Spreading-splashing transition of nanofluid droplets on a smooth flat surface

TL;DR

This study investigates how small amounts of nanoparticles in fluids influence droplet splashing behavior on smooth surfaces, revealing that nanofluids promote splashing at lower Reynolds numbers and providing an empirical correlation for this effect.

Contribution

The paper experimentally demonstrates the impact of nanofluids on splashing thresholds and introduces the first empirical correlation linking nanoparticle concentration to splashing behavior.

Findings

Nanofluids promote splashing at lower Reynolds numbers.

The non-monotonic spreading-to-splashing transition persists with nanofluids.

An empirical correlation for splashing threshold based on nanoparticle concentration is developed.

Abstract

Even a small fraction of nanoparticles in fluids affects the splashing behavior of a droplet upon impact on a smooth surface. Nanofluid drop impact onto a smooth sapphire substrate is experimentally investigated over wide ranges of Reynolds ($10^2<\mathrm{Re}<10^4$) and Weber ($50<\mathrm{We}<500$) numbers for three nanofluid mass concentrations (0.01%, 0.1%, 1%) using high-speed photography. Nanofluids are prepared by diluting a commercial Al$_2$O$_3$-water nanofluid in aqueous glycerol solutions without dispersants. In total, 30 samples are prepared and 1799 data points are acquired.

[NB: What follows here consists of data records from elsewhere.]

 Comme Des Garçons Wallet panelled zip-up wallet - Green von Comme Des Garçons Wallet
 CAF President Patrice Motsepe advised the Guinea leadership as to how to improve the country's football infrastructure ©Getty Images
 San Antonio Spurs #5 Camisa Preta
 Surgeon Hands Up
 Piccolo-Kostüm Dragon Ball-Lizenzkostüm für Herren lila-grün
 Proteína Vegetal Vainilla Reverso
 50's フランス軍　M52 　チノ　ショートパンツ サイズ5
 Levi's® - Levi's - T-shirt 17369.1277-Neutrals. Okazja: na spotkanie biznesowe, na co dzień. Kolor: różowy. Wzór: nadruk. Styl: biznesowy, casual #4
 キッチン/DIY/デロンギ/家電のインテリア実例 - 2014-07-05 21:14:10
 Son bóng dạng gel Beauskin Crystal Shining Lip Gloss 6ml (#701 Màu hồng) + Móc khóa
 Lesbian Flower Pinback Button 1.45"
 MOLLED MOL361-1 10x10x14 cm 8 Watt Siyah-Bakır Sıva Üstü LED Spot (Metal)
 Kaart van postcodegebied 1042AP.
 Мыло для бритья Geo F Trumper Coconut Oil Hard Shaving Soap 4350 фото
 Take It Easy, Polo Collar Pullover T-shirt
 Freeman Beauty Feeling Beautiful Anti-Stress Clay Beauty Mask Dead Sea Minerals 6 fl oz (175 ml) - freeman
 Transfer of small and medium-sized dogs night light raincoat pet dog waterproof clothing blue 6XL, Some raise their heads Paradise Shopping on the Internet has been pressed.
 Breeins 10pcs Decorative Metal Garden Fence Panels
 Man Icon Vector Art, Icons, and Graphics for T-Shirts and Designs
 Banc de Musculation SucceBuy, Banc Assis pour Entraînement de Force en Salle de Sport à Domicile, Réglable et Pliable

Every sample is experimentally characterized prior to droplet impact measurements in terms of stability, density, viscosity, and surface tension to demonstrate the observed outcomes on the We-Re maps. Each droplet impact condition is repeated at least 3 times to ensure good repeatability. The non-monotonic behavior of the spreading-to-splashing transition remains the same for nanofluids. However, nanofluids influence this boundary by promoting splashing at low Reynolds numbers. We explain this behavior by increased lamella spreading speed and lift during the lamella spreading stage. Finally, we develop an empirical correlation which describes the splashing threshold dependency on nanoparticle concentration for the first time.